Side-tracked

One of the great things about D&D is that it a combined storytelling session that involves everyone around the table getting together and making a story out of paper, die rolls and imagination. However, that same awesomeness is also a great weakness. If someone can’t make it that day, sometimes the story isn’t going to move forward at all. Its a strange dichotomy.

In many stories, the characters are important and world shaking. Events can’t go on without any given character. One has the Scrolls of Infinite Knowledge, one has the Demonslaying Sword of Grondarialand, and yet another has Breathe Water (and they are exploring an underwater castle, say). If any of them were missing, the whole game breaks in half without a lot of hand waving and just because-ing. It makes the inevitable missing characters a nightmare to deal with on the spot.

And then, sometimes, it just works out.

Yesterday I had half my group end up being unable to make it to the game, but with all but one of the remaining people playing on their way or at the store, we figured we’d continue. Fortunately, we’d made it through the portion of the Goblin Demon-waters and they were at a nearby town.

I didn’t want to rush right back to Parminium, their home base, so I made some things up as I went along, as one is want to do. The town is boring, with nothing special and no particularly interesting stores. The smith is more of a town handyman, and the guards are normal civilians given weapons. A large house holds a villa the magistrate lives in and rules from. The strangest thing is an old herbalist lady living on the fringe of the town.

Then, as day passed in the night, and the villagers all went to their homes and the adventurers ate a meatless, tasteless stew, the tavernkeep started acting a bit strange. She asked the adventureres for their room payment, and then went and locked the doors from the inside and applied a heavy iron bar. Then she made her way to the windows and slatted them shut with thick boards and iron bars as well. The rooms upstairs had no windows, and the doors were barable and lockable from the inside. The characters went in without too much incident, though one was basically called out for being a witch when he started casting a spell, though they were all wary of what would happen.

What happened, they still don’t know for sure. They do know that they heard horrible howluffing and grumping from outside during the evening, all around them. At one point, it was directly outside one of the characters room. Then, there was a flutter of activity, baying and howling, and all was gone.

Now, as the DM, even I had no idea what was going on here, and that was part of the fun. Seeing how the characters reacted and the players reacted to the unexpected event. In the morning, all the townsfolk acted normal, of course. They didn’t want to talk about anything, and just gave sullen glances and curt excuses as to why they needed to be elsewhere. There was, however, one player who wanted to speak with someone who they’d rescued. Figured they owed him one. Another character went all a-tracking to see what he could find. The Last? Packed the bags and got the horses ready for a swift getaway. Now that they were interested in the beings, I had to make something up. I didn’t have anything particular in mind, except maybe some Lycanthropes or something, but I wanted them to be bigger and badder. I made the pawprints that the one character found be about 6″ across, from claw to pad, and the same, maybe a little thinner, from toe to toe. The rescued villager offered up some clues too, saying that these beasts had been here a long time, and the town had just gotten used to them being around and sometimes slaughtering whole families. Everyone who survived an attack went raving mad, though, so they didn’t even know what the beasts were!

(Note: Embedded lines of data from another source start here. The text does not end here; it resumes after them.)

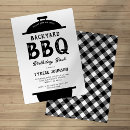 Search for backyard bbq birthday invitations Rustic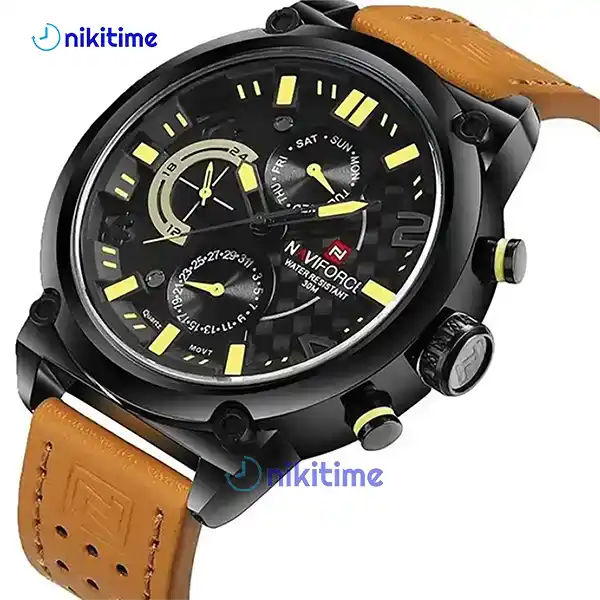 ساعت مچی عقربه ای مردانه ناوی فورس مدل Naviforce NF9068LBYBN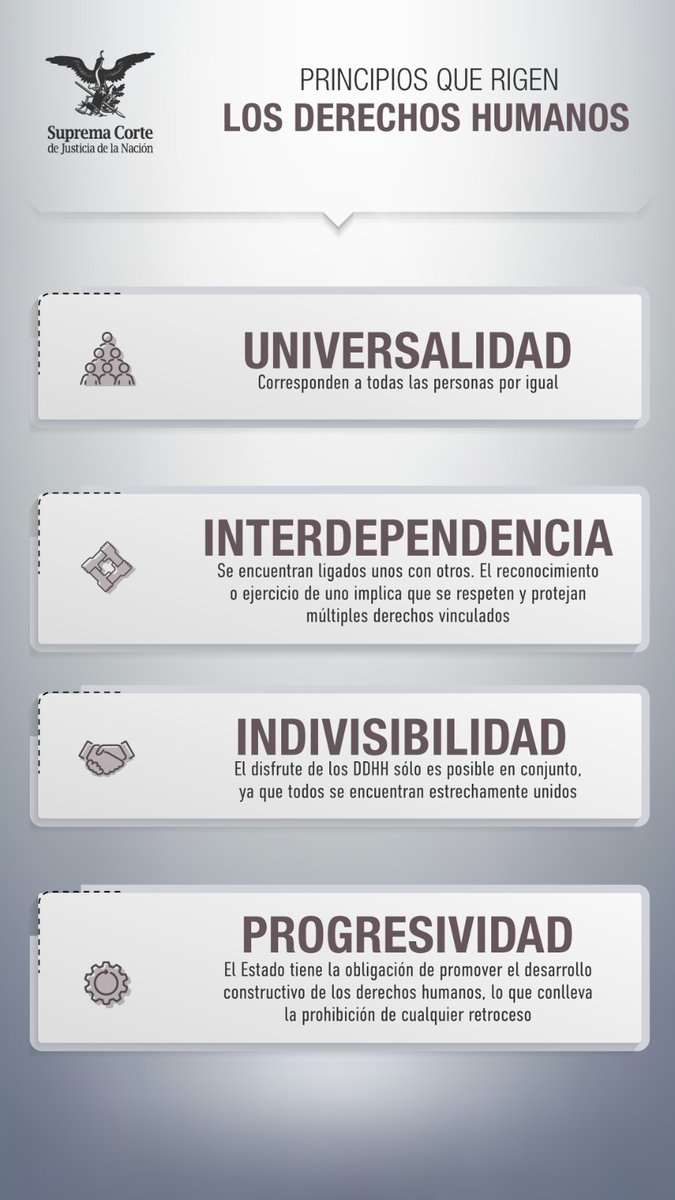 SCJN's tweet photo. Conoce los principios que rigen los #DDHH https://t.co/1dHT8LlpJR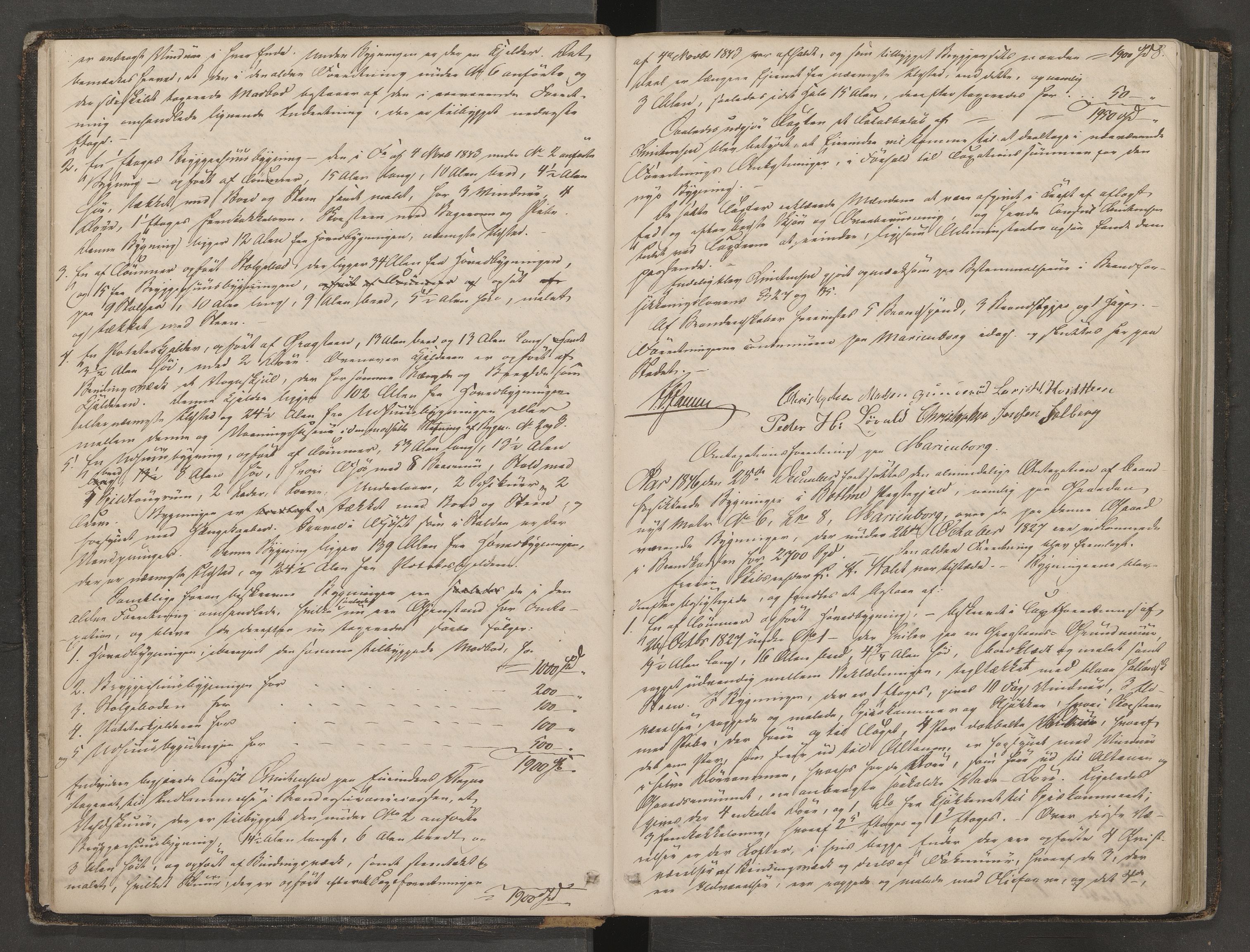 Botne lensmannskontor, AV/SAKO-A-534/Y/Yf/Yfa/L0001: Branntakstprotokoll, 1846-1869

This night, the flurry of activity was a house that didn’t quite have its safety precautions up to snuff, and was invaded by these creatures. Blood everywhere and broken everything spoke the story – nothing lived. Instead, the creatures had drug the bodies out into the wilderness west of the town and into the bush. The Group assembled, talked it over, and headed into the wilderness, tracking the monsters easily through the grass and large bushes.

Eventually, they followed the trail all of the way to a rocky set of hills, with a pair of statues to the north, ominously standing alone and abandoned. The rocky hills proved to be a bit intimidating, though, as after the first were passed, the rest seemed riddles with warrens and caves, almost all of them dug out of the rock, stone and earth. The entrances were smaller than expected, but large enough for a large man to wriggle into.

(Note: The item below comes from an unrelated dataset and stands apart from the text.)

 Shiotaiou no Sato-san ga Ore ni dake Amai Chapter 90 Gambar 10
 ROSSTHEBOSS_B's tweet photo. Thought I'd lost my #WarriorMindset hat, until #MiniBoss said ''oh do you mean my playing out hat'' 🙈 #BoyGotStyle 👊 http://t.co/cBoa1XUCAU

The team, however, backed off, seeing the large warrens as extremely dangerous and also noting that off the Northwest, there was a ruined something. This, they decided, was worth investigating. The monsters will come later.

They took the short trek past the statues on their way to the ruins and noted that they were both old, broken, and worn, one a female human, the other a male dwarf. The ruins were expertly carved and maintained stonework sized for dwarves with a little leeway given for humansized guests. The ruins were looted years and years ago, it seemed, and had been left alone, undisturbed since. However, there was a strange sign of life coming from the back of the Larger fortress area, which they decided to make their way over too. Almost out of the other side of the city, they encounter signs of Habitation. before they can proceed to far, however, they hear a woman’s clear, concise call.

Halt. Go no further.

There is quick dialoge between the party and the voice, and its determined that the best, and only, way back, is how they came. They heed the adivce.

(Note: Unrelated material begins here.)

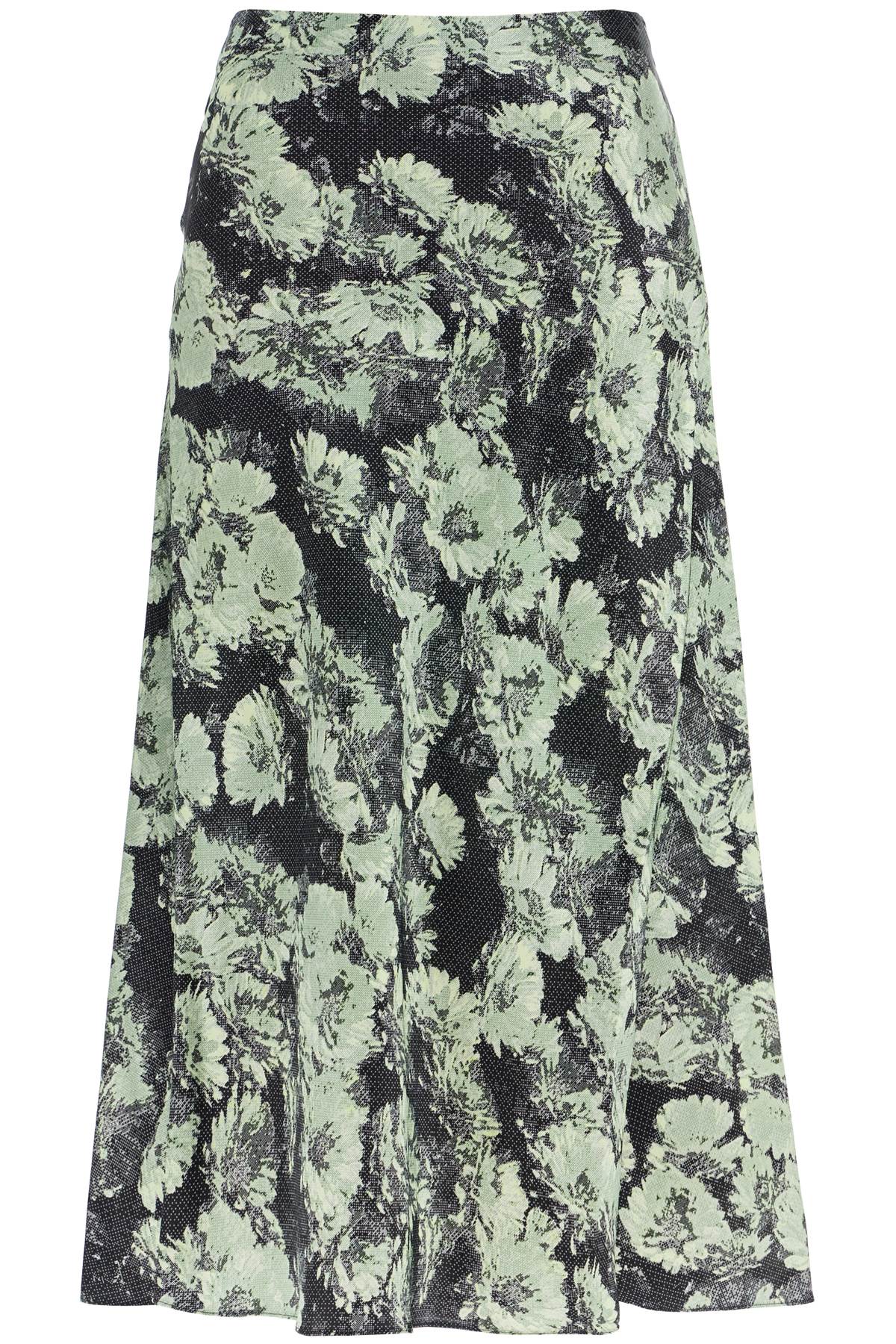 Tory Burch printed satin skirt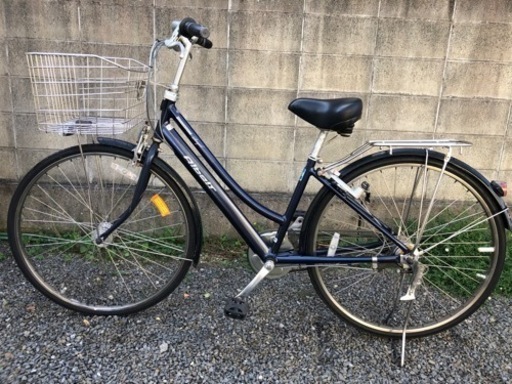 【中古自転車】ブリジストン27インチ アルベルトロイヤル (ネイビー)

Honestly, I don’t think this could have worked out better. The characters were in a good spot to take off for a detour while the other players were unable to be there, and do so without harming those other stories. Now, they have a tale of a ruined town, bloody beasts, and horrible deeds, and they may end up as nothing, or they may end up the seeds of a fantastic adventure.

I didn’t realize, until last night, that there was an ancient dwarven civilization where Killbar stands, but I know that know, and am intrigued what I define it as.

and I’ve never quite put my finger on what is out there, either…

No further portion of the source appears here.